What the task requires >> Write all of the entries out again exactly, but not the images.
****************************************
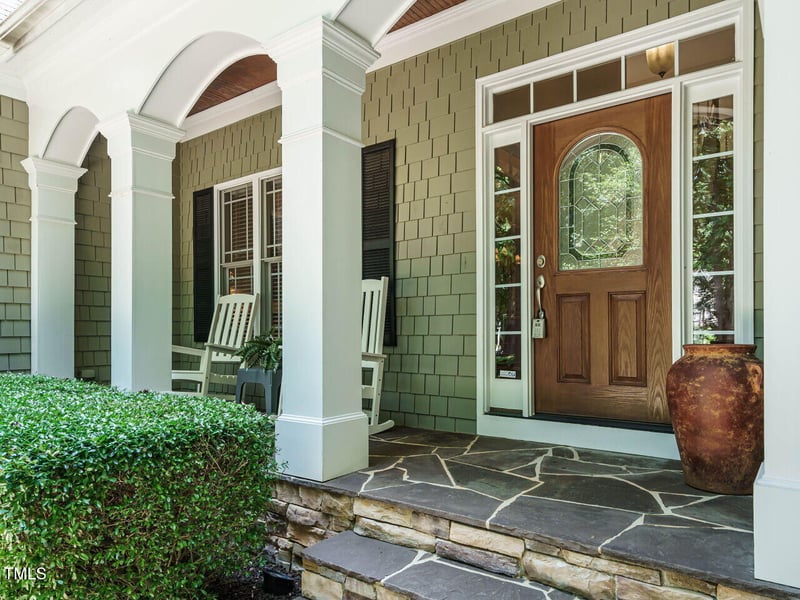 8504 Carlton Oaks Dr, Wake Forest, NC 27587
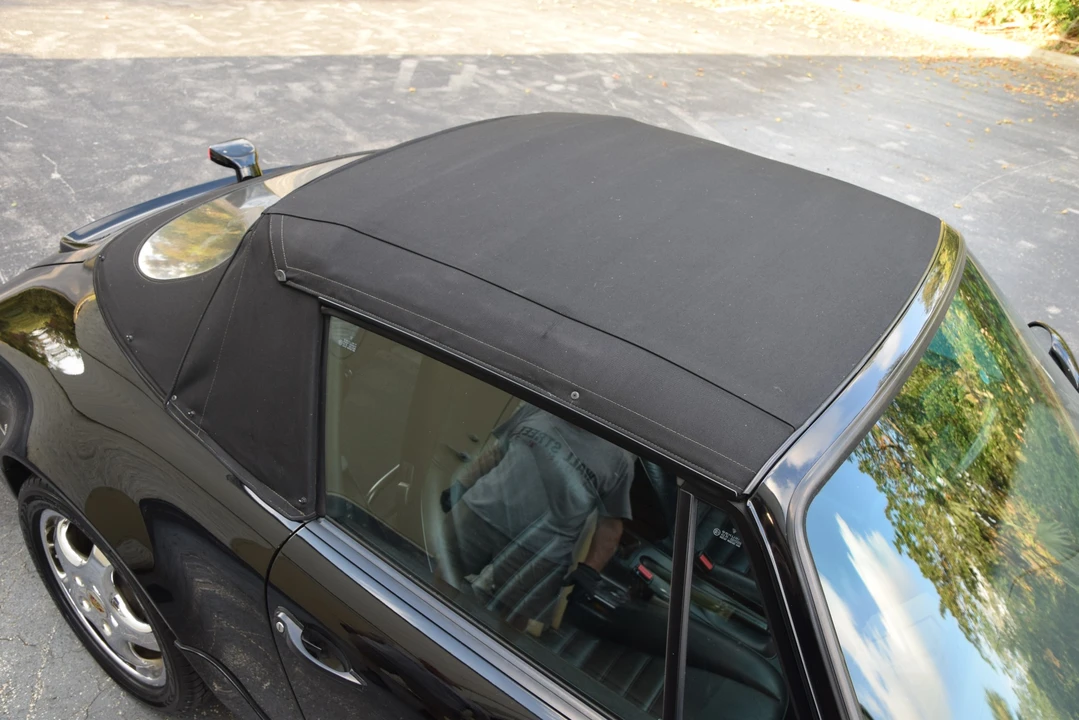 1993 Porsche 964 Carrera 4 - Image 21 of 31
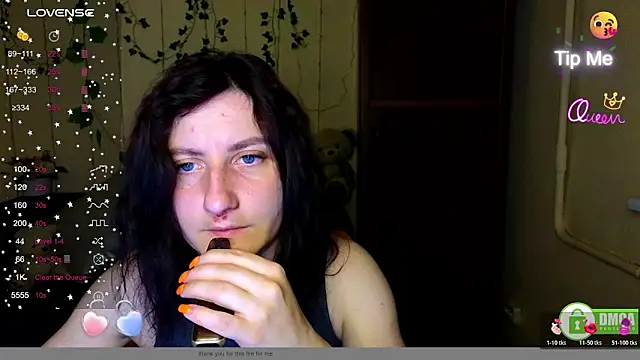 Muse kitty jenia online show from 06-20-26, 05:27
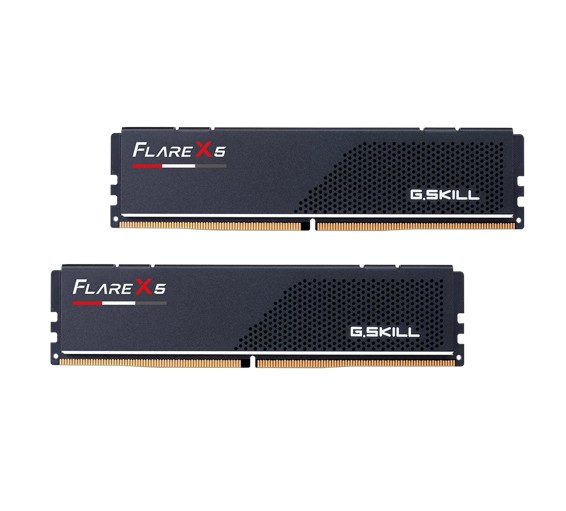 G.SKILL Flare X5 DIMM 2x16Go DDR5 5600MHz AMD Expo Noir infinytech Réunion 01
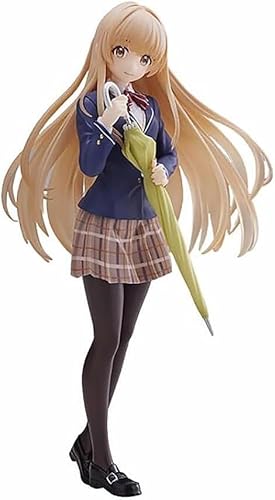 ASEDRFY 18 cm The Angel Next Door Spoils Me Rotten Shiina Mahiru PVC-Statue Anime Figuren Actionfigur Modellsammlung Puppe Dekoration Spielzeug Geschenk von ASEDRFY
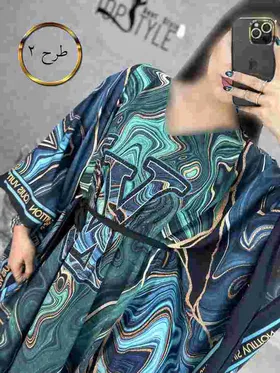 مانتو پانچی : 8684
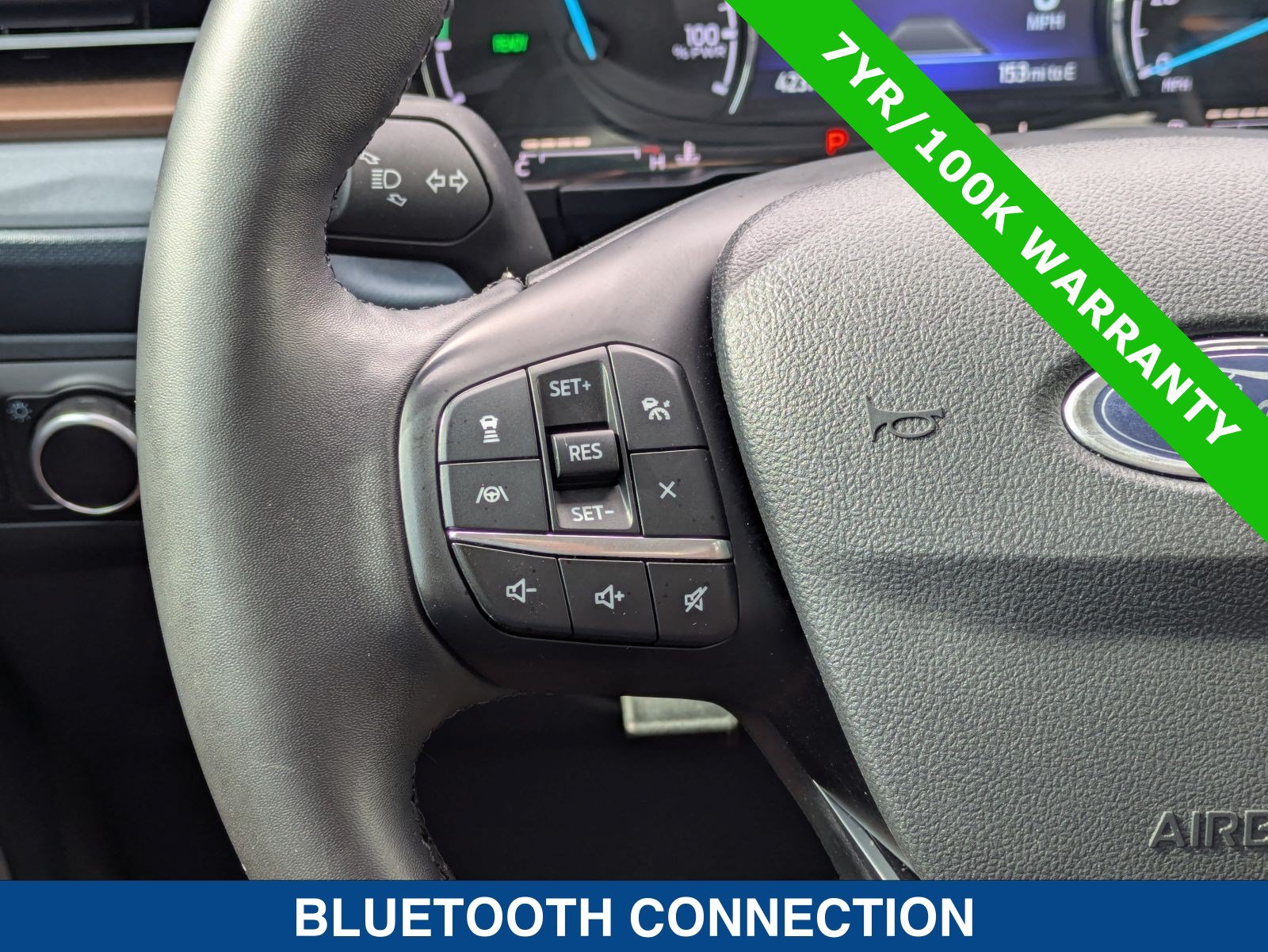 Certified 2024 Ford Maverick Lariat FWD image 28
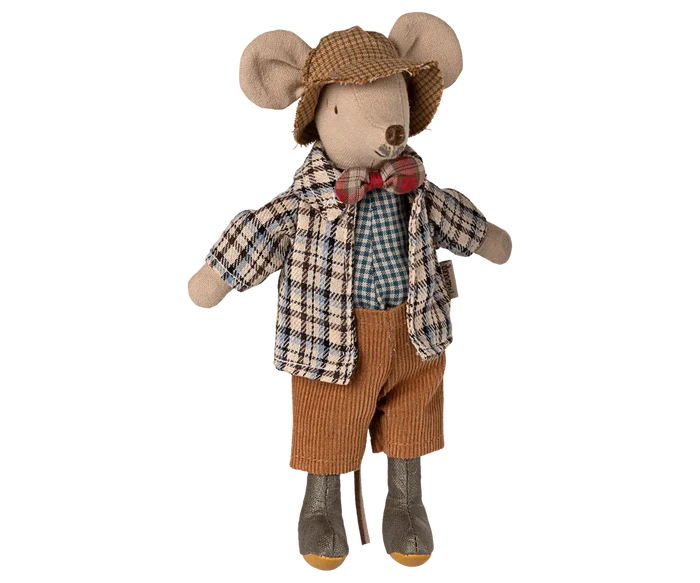 Granddad Mouse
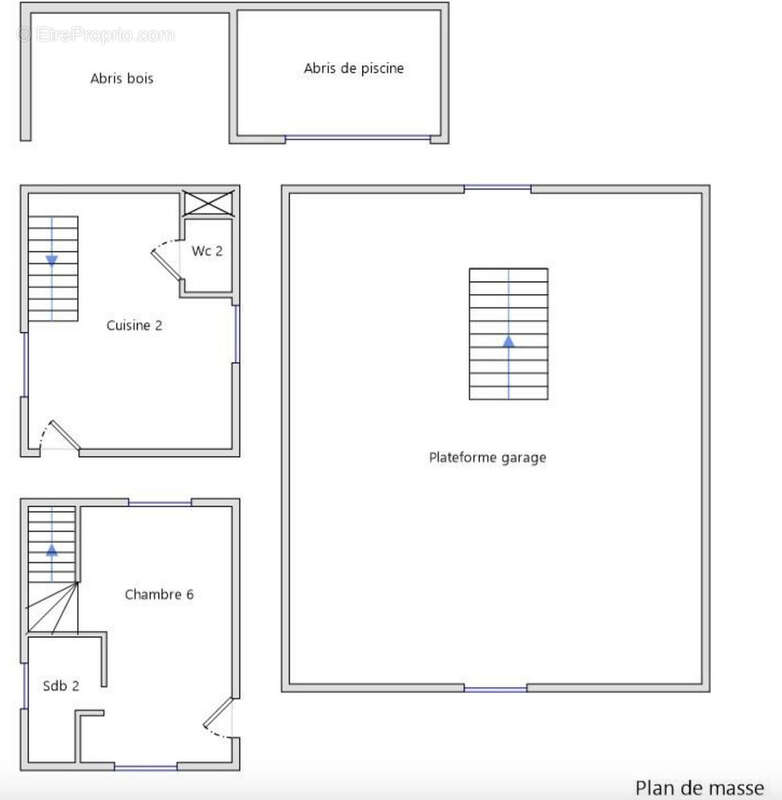 Maison à BOURGOIN-JALLIEU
****************************************
Answer for the task >>
 8504 Carlton Oaks Dr, Wake Forest, NC 27587
 1993 Porsche 964 Carrera 4 - Image 21 of 31
 Muse kitty jenia online show from 06-20-26, 05:27
 G.SKILL Flare X5 DIMM 2x16Go DDR5 5600MHz AMD Expo Noir infinytech Réunion 01
 ASEDRFY 18 cm The Angel Next Door Spoils Me Rotten Shiina Mahiru PVC-Statue Anime Figuren Actionfigur Modellsammlung Puppe Dekoration Spielzeug Geschenk von ASEDRFY
 مانتو پانچی : 8684
 Certified 2024 Ford Maverick Lariat FWD image 28
 Granddad Mouse
 Maison à BOURGOIN-JALLIEU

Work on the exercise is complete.